▶ [Record extracts]:
[Start of section]
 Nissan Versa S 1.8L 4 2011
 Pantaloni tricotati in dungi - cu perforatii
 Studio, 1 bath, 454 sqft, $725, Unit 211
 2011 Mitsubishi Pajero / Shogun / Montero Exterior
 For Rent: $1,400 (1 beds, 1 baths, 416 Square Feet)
[End of section]
[Start of section]
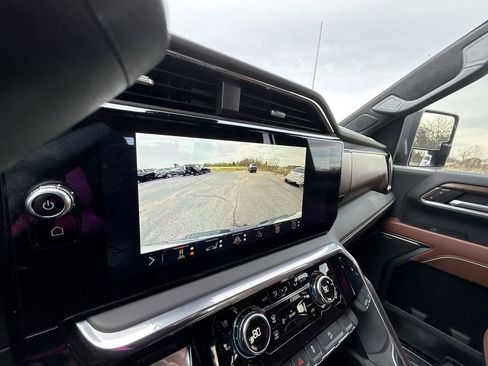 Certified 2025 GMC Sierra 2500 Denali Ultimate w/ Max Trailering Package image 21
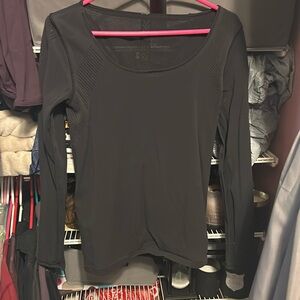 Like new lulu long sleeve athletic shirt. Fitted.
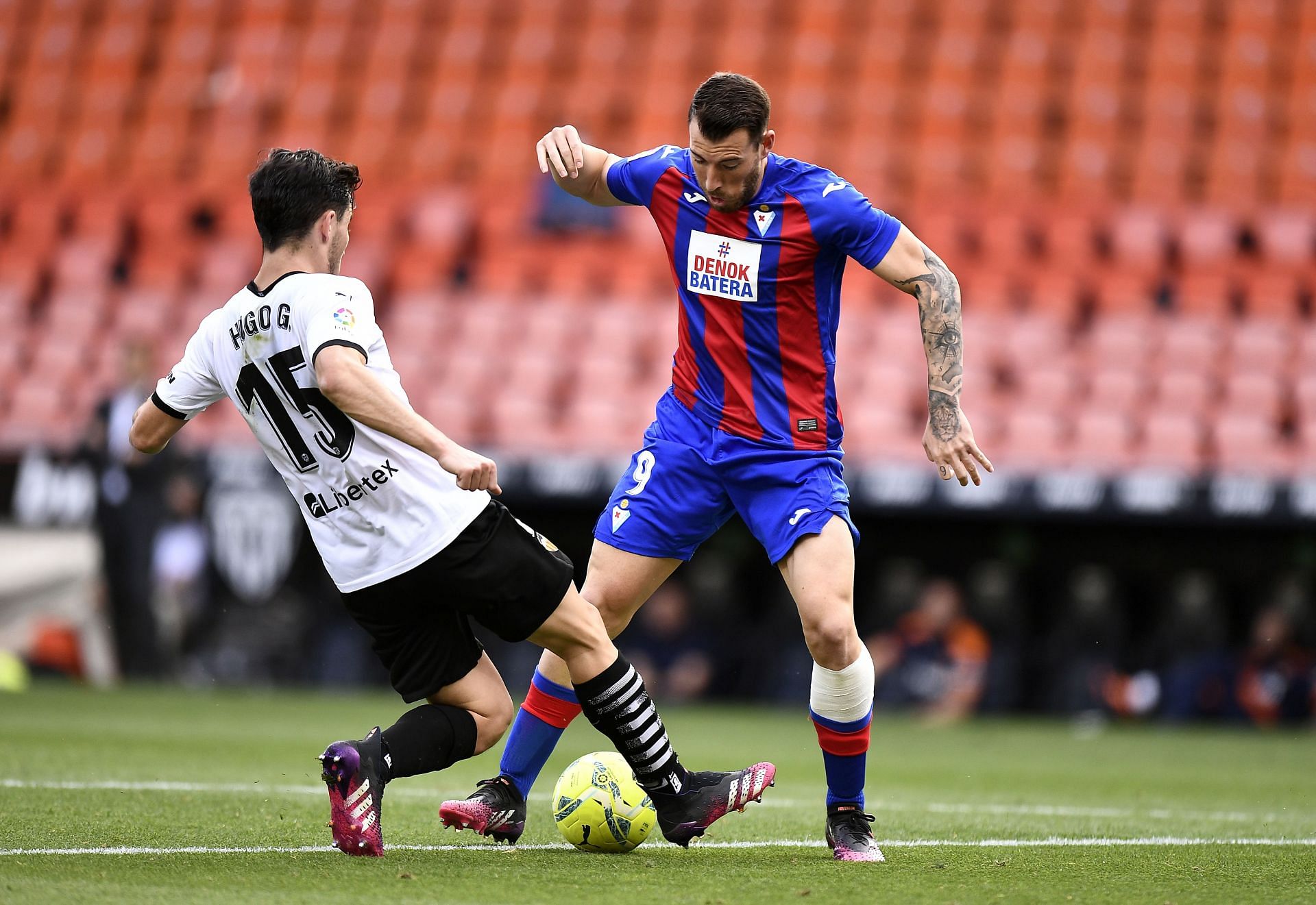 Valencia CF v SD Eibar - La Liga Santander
[End of section]
▶ [Exercise]: In the listing above, transcribe exactly everything from the line containing "2011 Mitsubishi Pajero" down to the line containing "For Rent: $1,400", including both and nothing more.

▶ [Answer space]:
 2011 Mitsubishi Pajero / Shogun / Montero Exterior
 For Rent: $1,400 (1 beds, 1 baths, 416 Square Feet)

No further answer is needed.